Chroniques

Temps de lecture : 2 min 20 s

Bonne année les X !

Le 04 janvier 2024 — Modifié à 15 h 46 min
Par Roger Lemay

Chers membres de la génération X,

 En ces premières heures de 2024, je tiens à vous souhaiter une année remplie de bonheur, de santé et de prospérité. Sans jouer au plaignard, disons qu’on l’a pas toujours eu facile et que notre génération a connu son lot de difficultés et de défis, ne trouvez-vous pas ?

Vous savez comment les démographes nous appellent ? La génération de l’enfant du milieu, ou la génération sandwich. Coincés entre les babyboomers et les milléniaux, on nous considère avoir été « tassés et négligés par les gouvernements, les médias et le marketing de masse ». Le New York Times a même décrit la génération X comme « un enfant du milieu oublié, morose et maladroit ». Faut quand même pas exagérer…
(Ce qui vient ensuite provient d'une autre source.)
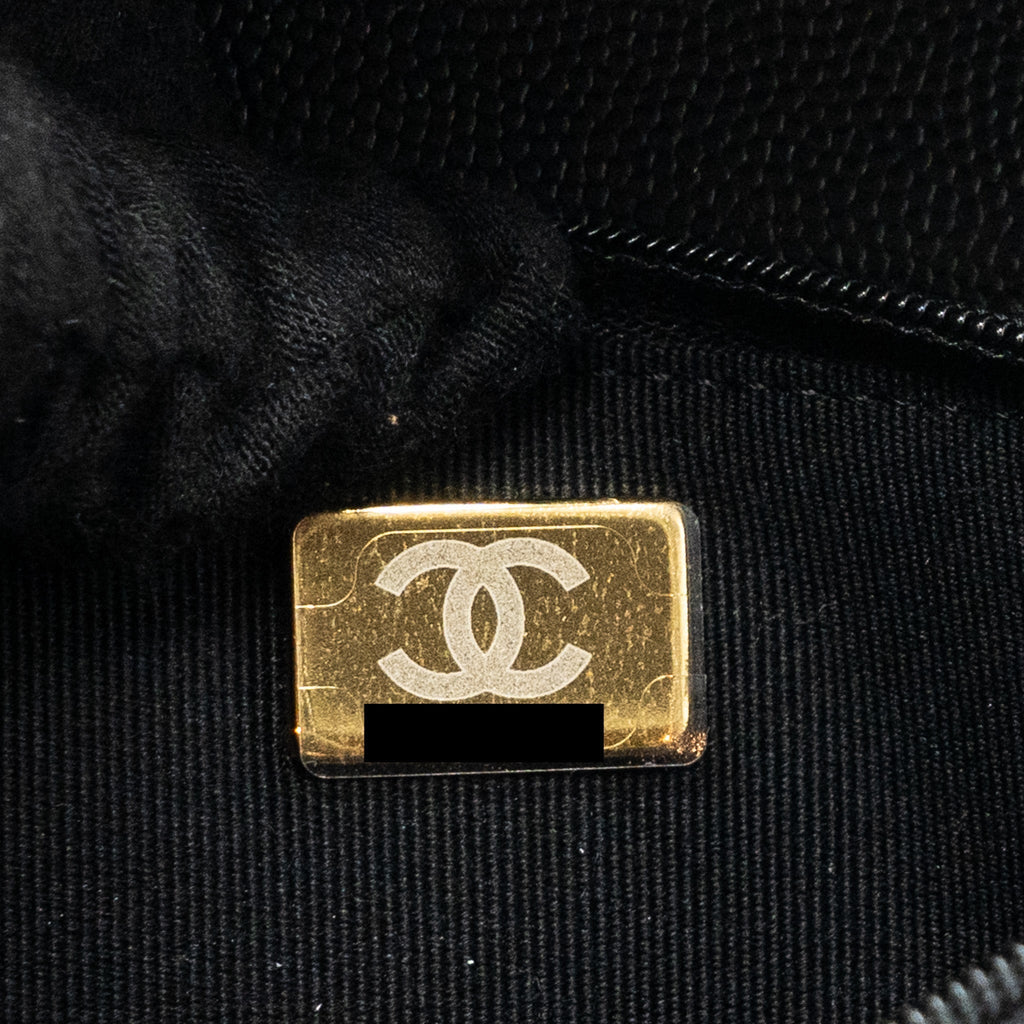 CHANEL 23K DETAILED CC LOGO WALLET ON CHAIN CAVIAR BLACK LGHW (MICROCHIP)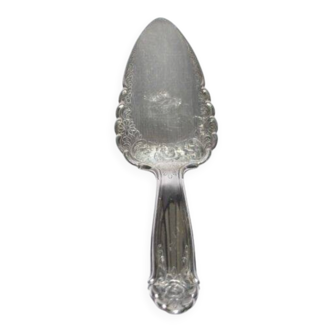 Vintage silver-plated pie server with rose decoration.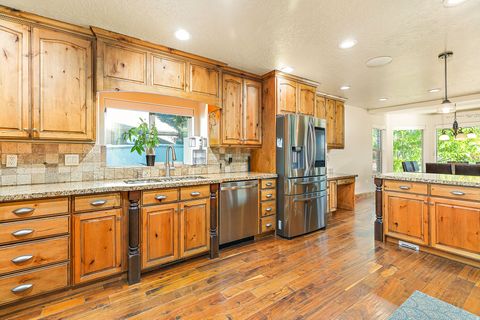 Tiny photo for 1168 HANLINE CIR, Kaysville, UT 84037 (MLS # 2165172)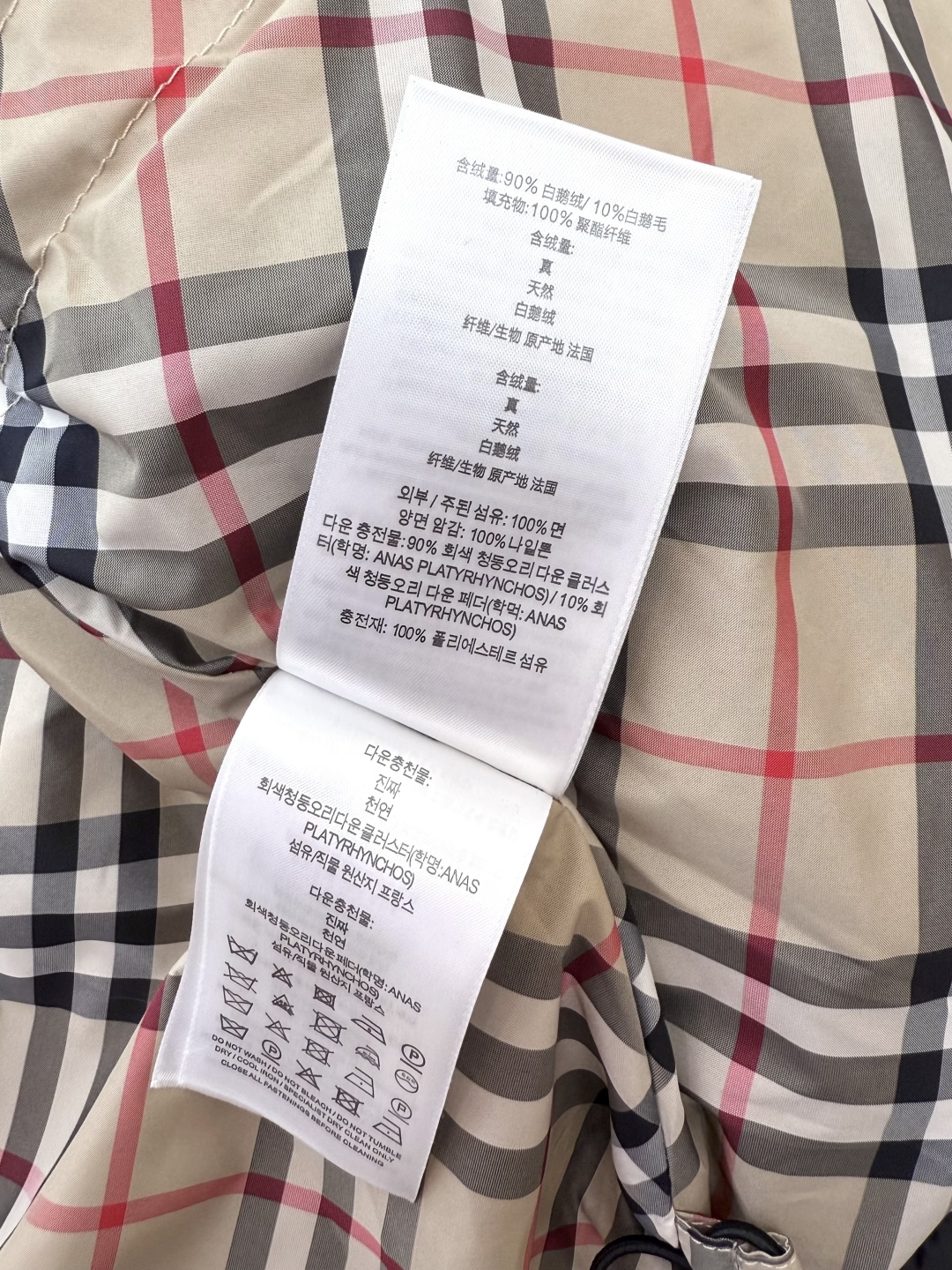 #新款羽绒服⚠️2025。
BUR 巴宝莉 拉链款 90% 白鹅绒 羽绒服 短款 紫粉色 军绿色 黑色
Moi je considère plutôt qu’on a su formidablement s’adapter aux changements technologiques les plus rapides de l’histoire. On a grandi avec un téléphone fixe à cadran rotatif, nos journaux étaient livrés à la porte, le laitier passait encore par les maisons. On achetait des cassettes chez Radio Shack, qu’on insérerait dans nos enregistreuses, pour « taper » les chansons qui passaient à la radio. C’était ça notre Spotify.

Notre jeunesse a été marquée par des moments importants ; nous avons grandi dans une certaine crainte d’un troisième conflit mondial pendant la guerre froide pour finalement être témoins de la chute du mur de Berlin et l’effondrement du bloc soviétique. Nos parents ne savaient plus quoi faire pour nous faire rentrer à la maison, de nos jours ils se battent pour convaincre leurs enfants d’aller jouer dehors. La Coupe Stanley avait pratiquement élu domicile à Montréal, il en coûtait 10 dollars pour aller voir jouer les Expos.

Pour rencontrer des filles (ou des garçons) et « cruiser », il fallait se donner rendez-vous et avoir le courage de se dire les vraies affaires face-à-face. Il nous fallait vaincre notre timidité. Aujourd’hui, on le fait par textos. Bien caché derrière l’écran c’est plus facile, plus pratique, quoiqu’un brin désincarné. Mais c’est une autre histoire.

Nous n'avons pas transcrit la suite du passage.